Within a movement that, as Chanzit observes in the exhibition catalogue, was defined by the “heroic machismo spirit,” the women’s approach was perhaps more personal than that of their male counterparts. Many of the women were painting in response to nature, she writes, in contrast to Pollock, who famously declared, “I am nature.” Strikingly few of the paintings in the exhibition are untitled, suggesting the artists’ openness and willingness to provide viewers with hints to their subjects and their thinking. Frankenthaler was once asked why she titled her works, and she responded, “Because a title has to have a meaning,” Chanzit notes.

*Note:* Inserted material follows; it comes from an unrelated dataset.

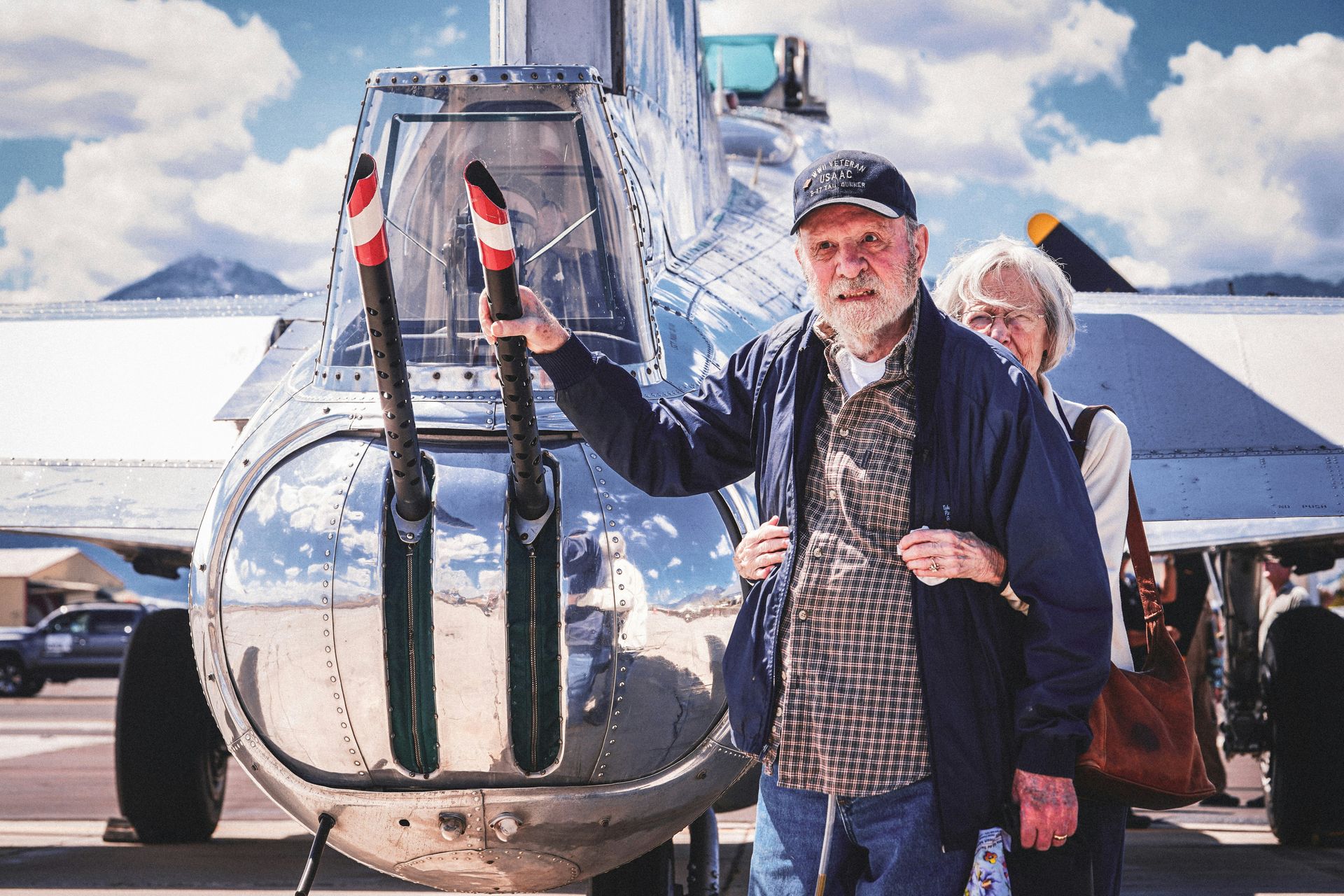 Man standing by a helicopter, holding a red-and-white object, with another person behind him on a tarmac.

Frankenthaler, seen in her New York studio in 1951, is one of the few well-known female Abstract Expressionists. Photo by Cora Kelley Ward, © 2016 Helen Frankenthaler Foundation

While Abstract Expressionism valued freedom, this did not imply a liberated view of gender roles and equality. “As women, we were basically told to go home,” recalls Godwin, who is in her mid-80s and still painting in New York. She studied with the influential German painter Hans Hofmann (as did Frankenthaler) and showed in major galleries in New York. “I stuck around and so did other women,” she says.

Gechtoff began her career in the early ’50s in San Francisco, where the Beat movement encouraged openness and experimentation. She recalls being welcomed into the art galleries on Fillmore Street, including the respected Six Gallery. A few years later, she moved to Manhattan and was shocked to find that the New York art scene “seemed truly closed off to women.” She remembers male artists looking her up and down at parties. “The hostility bothered me so much that I removed myself from the community more than I should have, and I regret that,” she says.

For Krasner, who was married to Pollock, and de Kooning, who was married to Willem de Kooning, their husbands’ fame gave them a certain status in the artistic community, but it also had drawbacks. Krasner, whose work has gained wider appreciation in recent years, lived in her husband’s shadow. “In some cases, the women pushed the men out in front of them,” Chanzit says, “because that’s just how it was back then.”

Although some AbEx artists have garnered more esteem than others, the movement itself has been hailed as a triumph of American painting, and it has been studied continuously since its heyday. For Gechtoff, the AbEx approach is as compelling now as it was when she first viewed Still’s paintings. “It’s an adventure,” she muses, “that’s never ending.”